Two ideal gas thermometers A and B use oxygen and hydrogen respectively. The following observations are made :Temperature	Pressure thermometer A	Pressure thermometer B
Triple-point of water	1.250 × 10 $^5$ Pa	0.200 × 10 $^5$ Pa
Normal melting point of sulphur	1.797× 10 $^5$ Pa	0.287 × 10 $^5$ Pa

What is the absolute temperature of normal melting point of sulphur as read by thermometers A and B?
What do you think is the reason behind the slight difference in answers of thermometers A and B ? (The thermometers are not faulty). What further procedure is needed in the experiment to reduce the discrepancy between the two readings?

Accepted Answer

(a) Triple point of water, T = 273.16 K.
At this temperature, pressure in thermometer A, $P_A$ = 1.250 × 10 $^5$ Pa
Let $T_1$ be the normal melting point of sulphur.
At this temperature, pressure in thermometer A, $P_1$ = 1.797 × 10 $^5$ Pa
According to Charles’ law, we have the relation:

$\frac{PA}{T}= \frac{P1}{T1}$

$T_1 = \frac{P_1T}{P_A}$ = $\frac{1.797\times 10^5\times 273.16}{1.250\times 10^5}$

= 392.69 K
Therefore, the absolute temperature of the normal melting point of sulphur as read by thermometer A is 392.69 K.
At triple point 273.16 K, the pressure in thermometer B, $P_B$ = 0.200 × 10 $^5$ Pa
At temperature T1, the pressure in thermometer B, $P_2$ = 0.287 × 10 $^5$ Pa
According to Charles’ law, we can write the relation:

$\frac{PB}{T}=\frac{P_1}{T_1}$

$\frac{0.200\times10^5}{273.16}$ = $\frac{0.287\times 10^5}{T_1}$

$T_1$ = $\frac{0.287\times10^5}{0.200\times10^5}$ × 273.16 = 391.98 K

Therefore, the absolute temperature of the normal melting point of sulphur as read by thermometer B is 391.98 K.

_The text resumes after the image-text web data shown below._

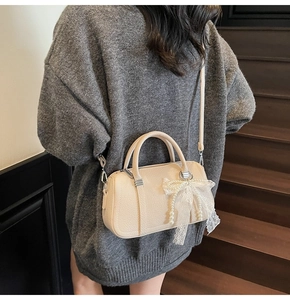 Elegante borsa beige a tracolla con fiocco in pizzo e ciondolo di perle su modella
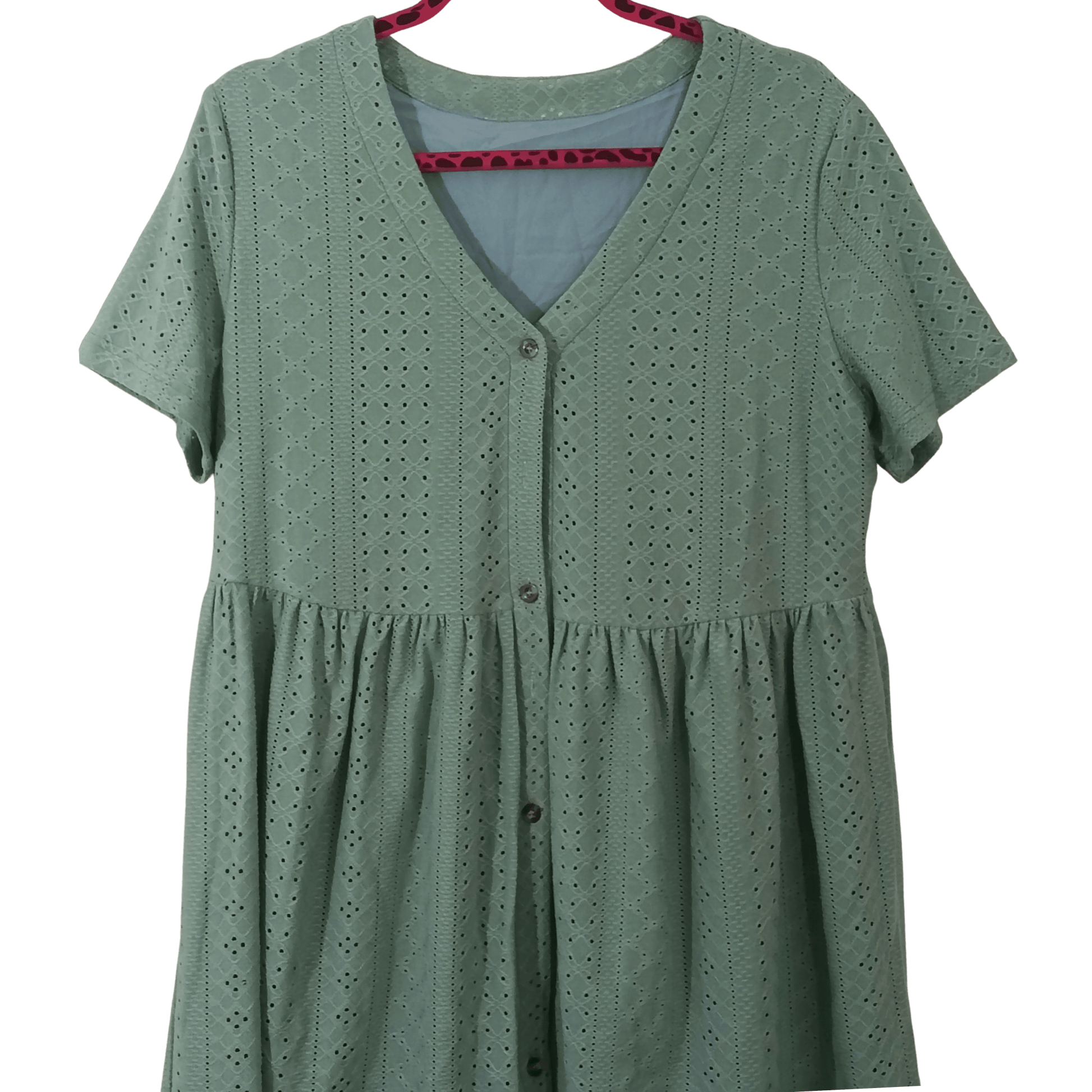 Green dress with button details on a transparent background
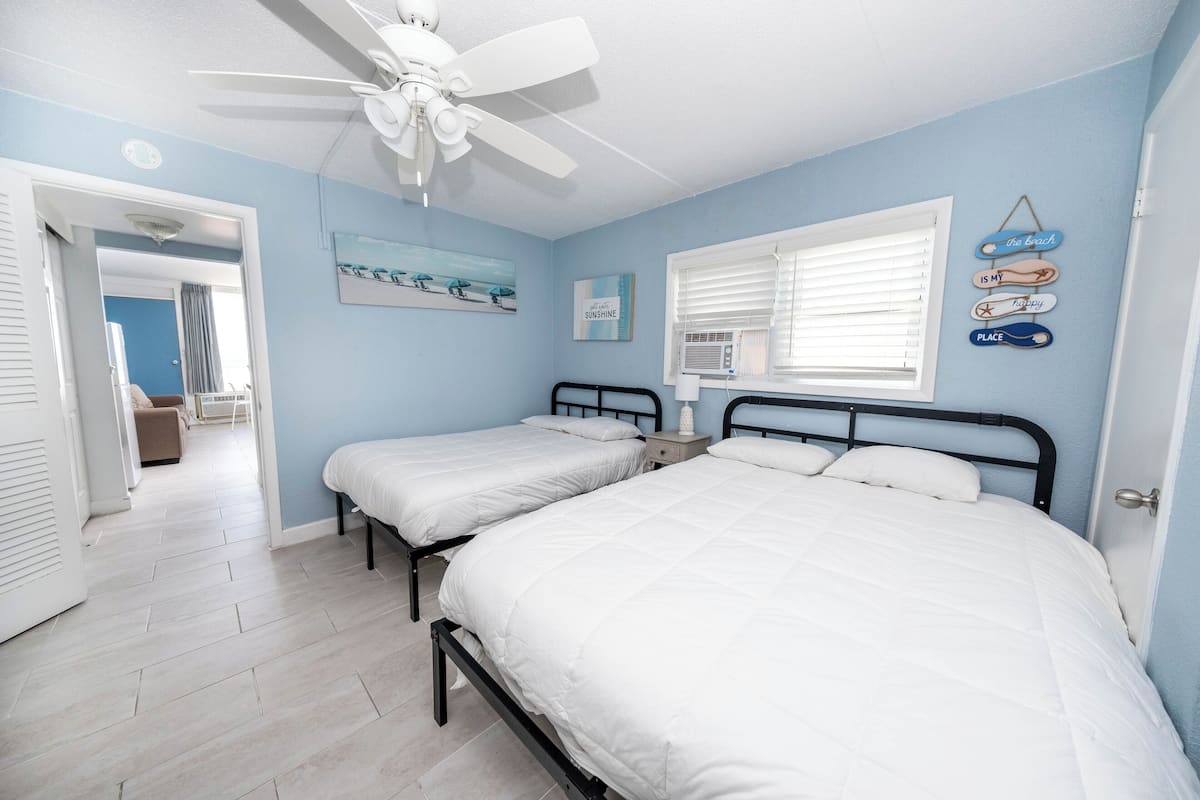 Une chambre avec deux lits, un ventilateur de plafond, une fenêtre avec des stores et des décorations murales.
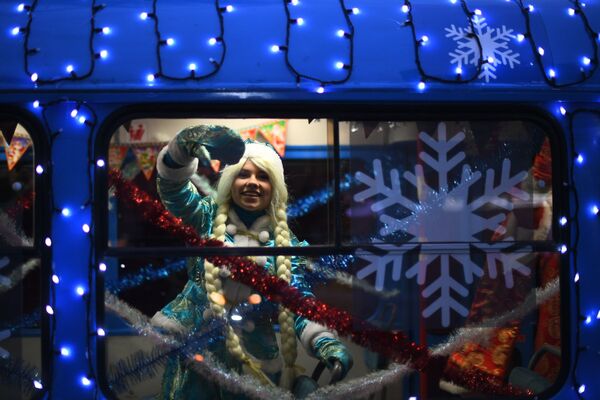 Снегурочка в салоне новогоднего трамвая, украшенный яркими светодиодными огнями, в Москве - Sputnik Молдова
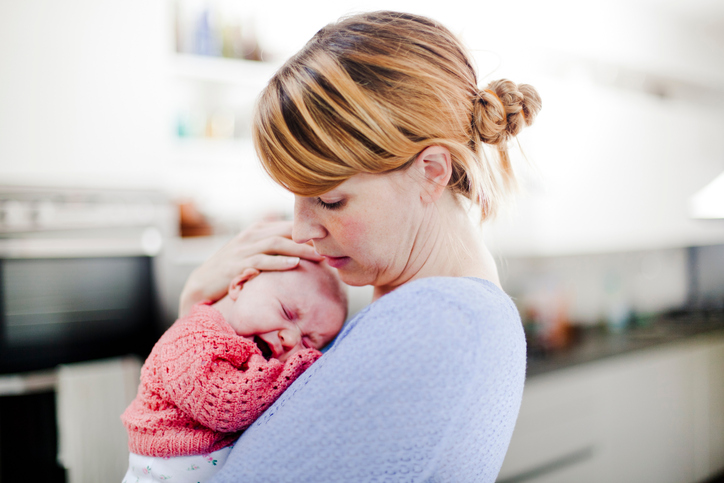 Mother holding newborn daughter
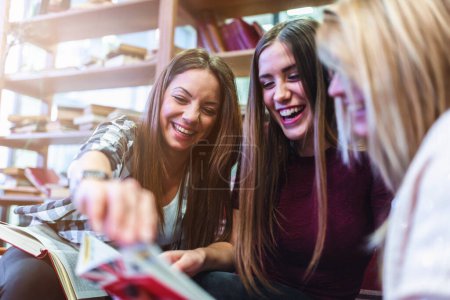 Photo for Group of young female college students studying together in library - Royalty Free Image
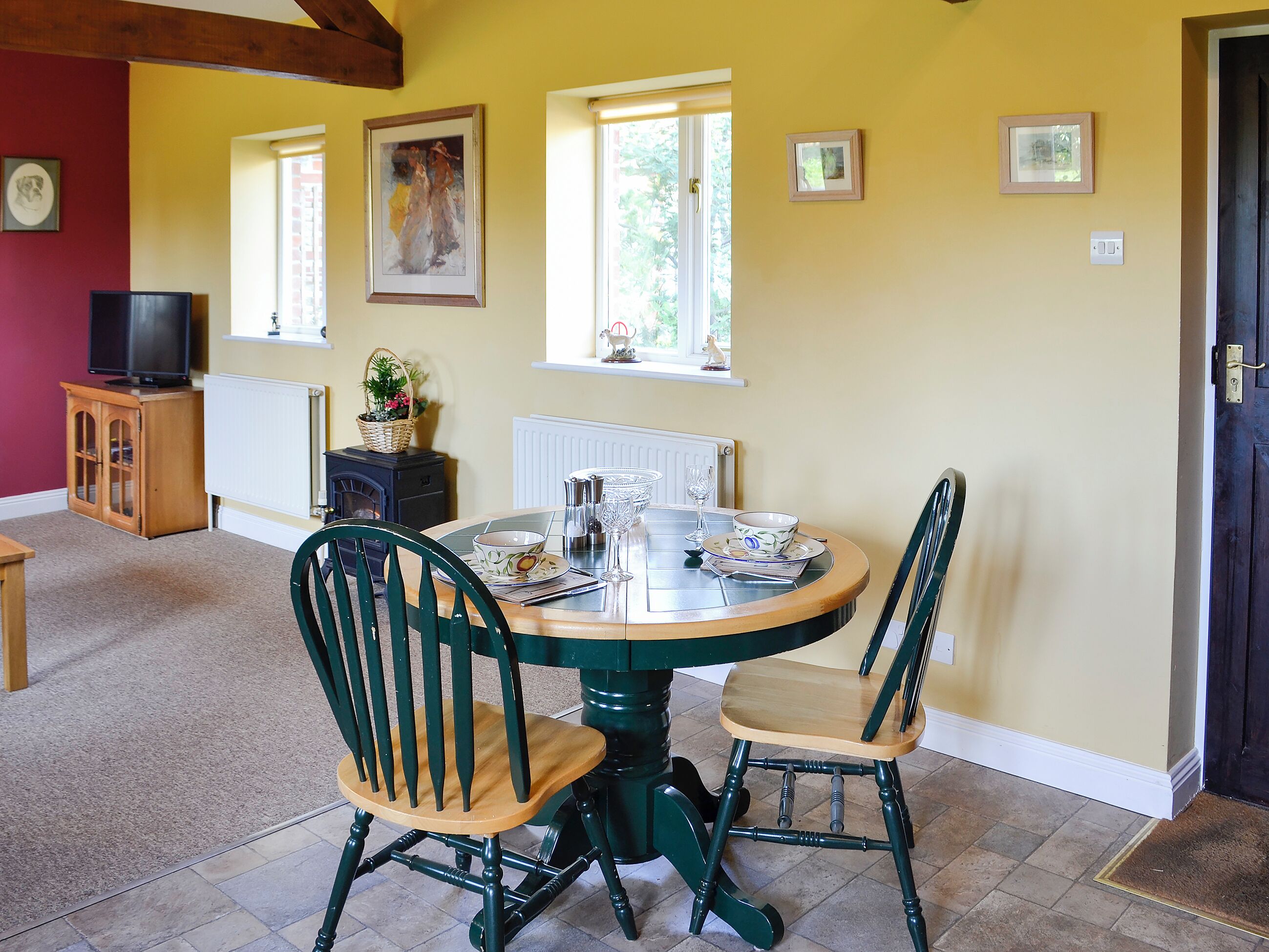 A dining area with a round table, two chairs, a television, and a fireplace.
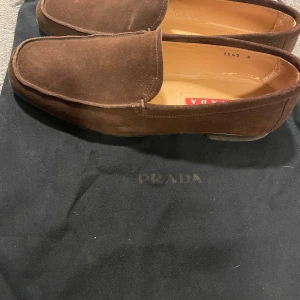 Prada Bruna mockaloafers  - Snygga bruna loafers från Prada i mjuk mocka. Skorna har en klassisk design med en diskret logotyp på innersulan och en robust sula för extra komfort. Perfekta för en stilren look. Köpta på yoox.com. Kvitto finns.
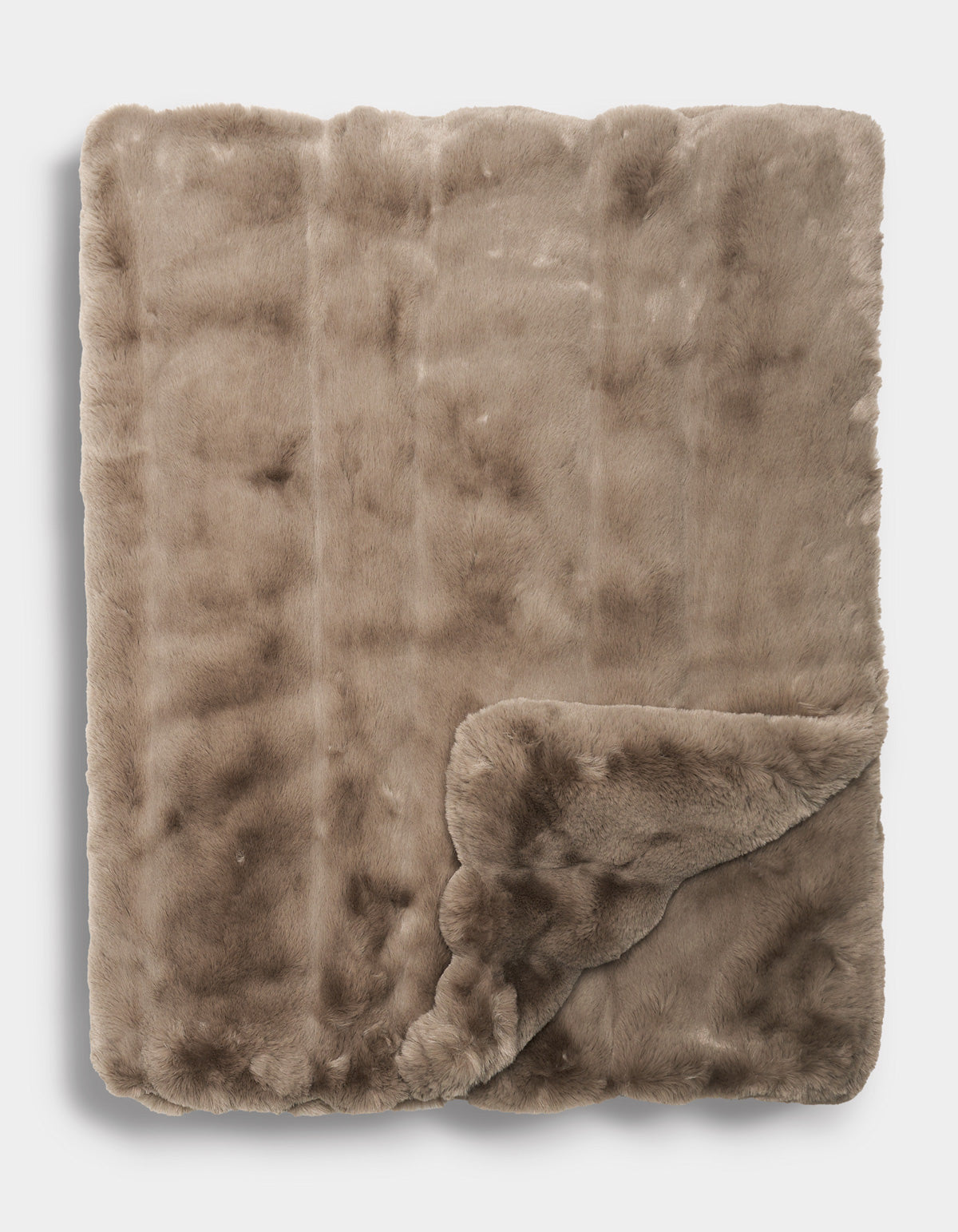 The Cozy Earth Channel Cuddle Blanket in a soft, light brown faux fur is neatly folded with one corner turned up, revealing its plush texture on both sides.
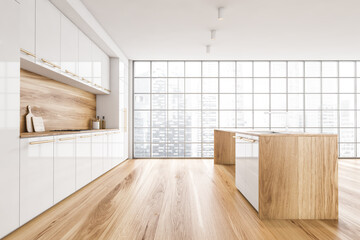 White and wooden dining room, kitchen near window with cutting table and parquet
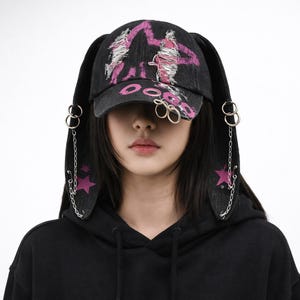 以下が含まれることがあります： ピンク色のグラフィックデザインとピンク色の「DOO」の文字が入った黒いデニムキャップ。キャップには、銀色のチェーンとリングのディテールが付いた、長い耳のようなエクステンションが付いています。ピンクの星も見えます。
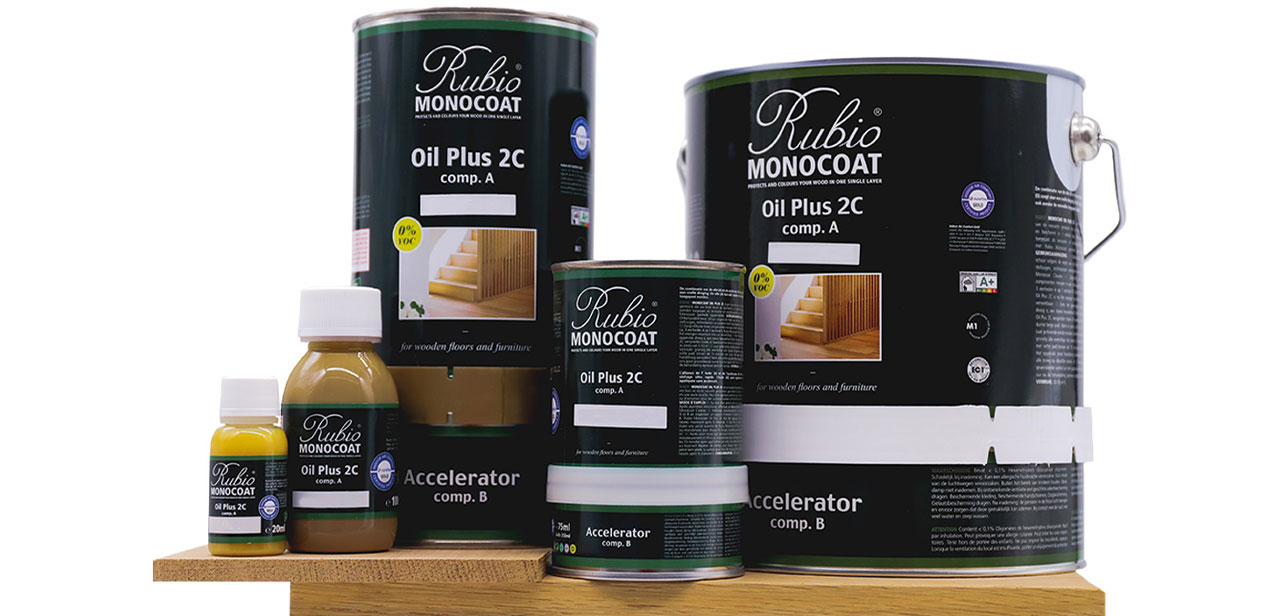 Verschillende blikken en flessen Rubio Monocoat Oil Plus 2C houtolie, in diverse maten, gepresenteerd op een houten oppervlak.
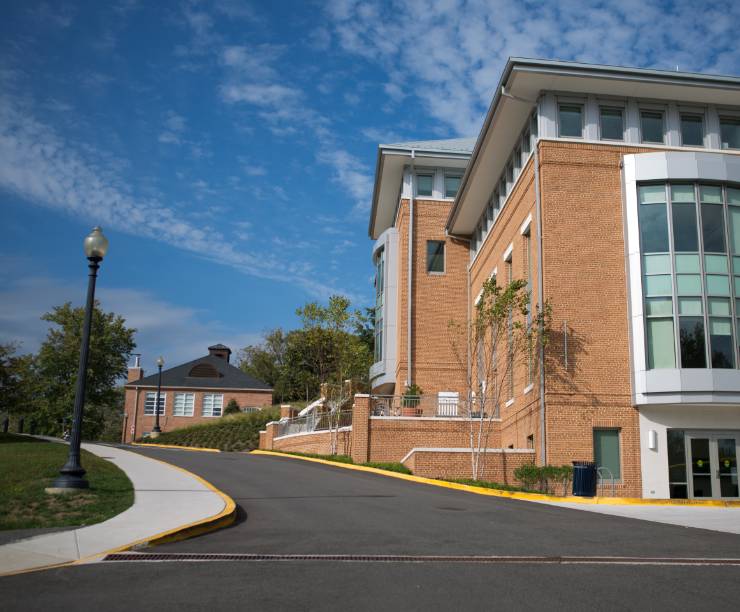 Red brick building set on road heading uphill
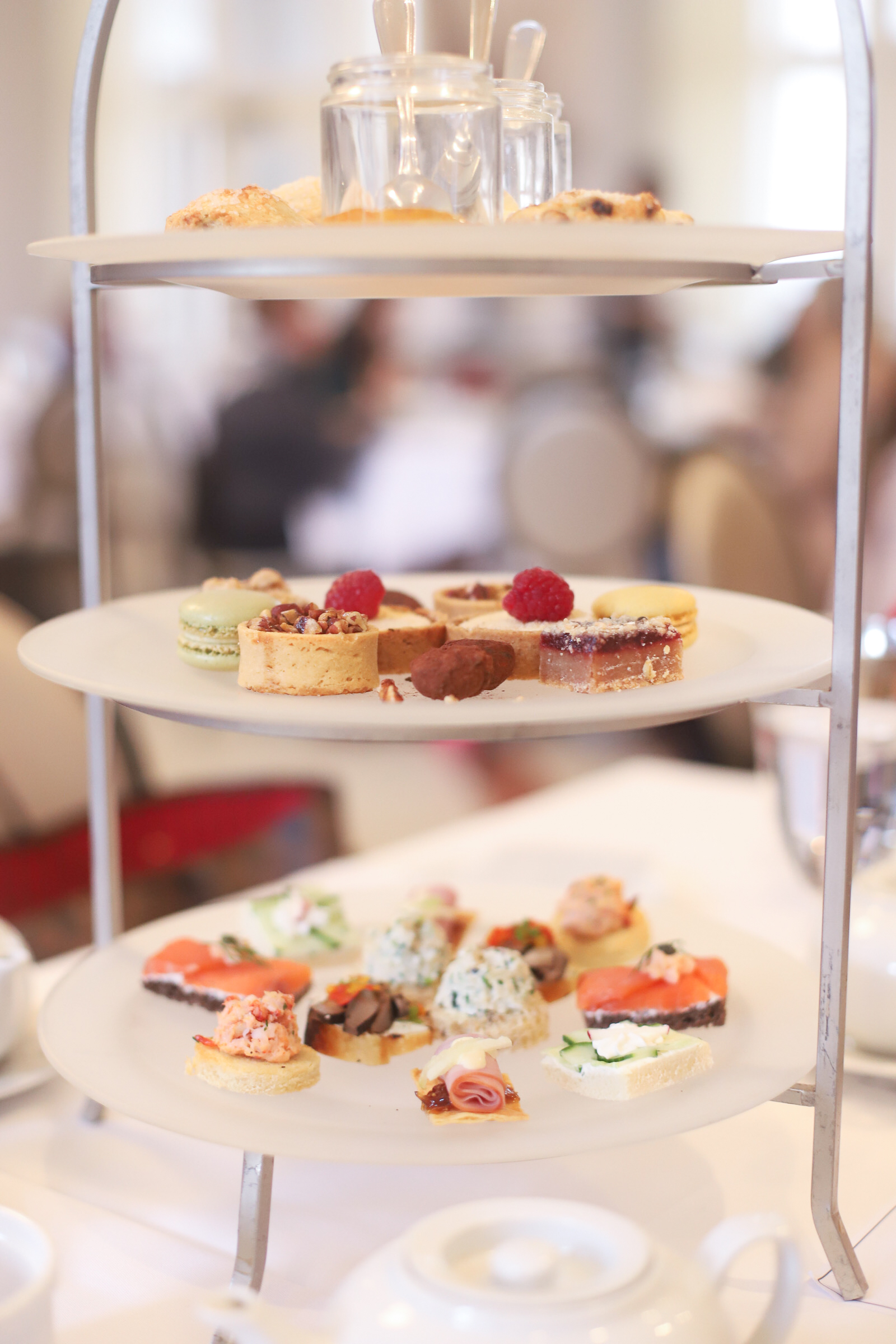 Visiting Boston? Be sure to spend an afternoon at The Courtyard Tea Room in the Boston Public Library for the yummiest, classic high tea in the city! Bonus: it's a kid-friendly afternoon tea, perfect for families. | glitterinc.com | @glitterinc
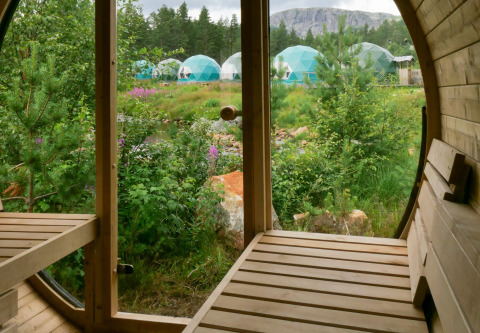 Vue depuis un sauna en bois sur la verdure et les dômes de glamping à Brokkestøylen, Agder.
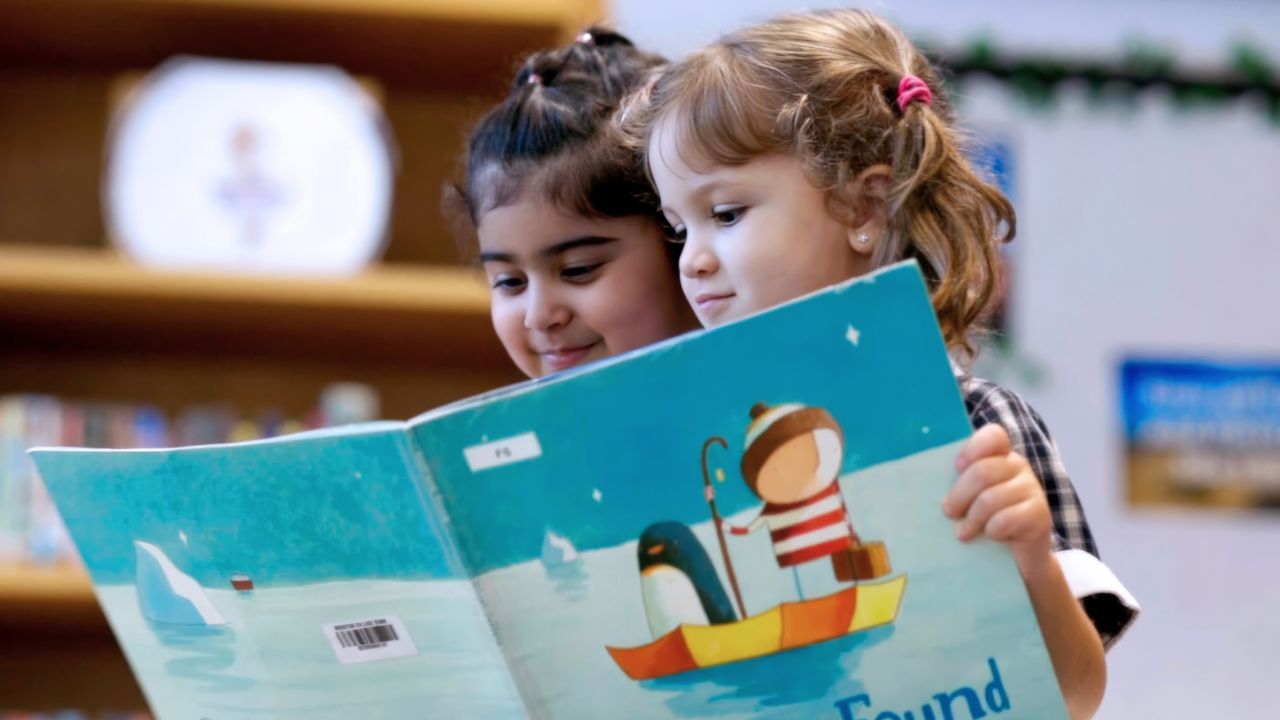 Two young girls reading a colourful children's book in a library setting.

(b) The oxygen and hydrogen gas present in thermometers A and B respectively are not perfect ideal gases. Hence, there is a slight difference between the readings of thermometers A and B.
To reduce the discrepancy between the two readings, the experiment should be carried under low pressure conditions. At low pressure, these gases behave as perfect ideal gases.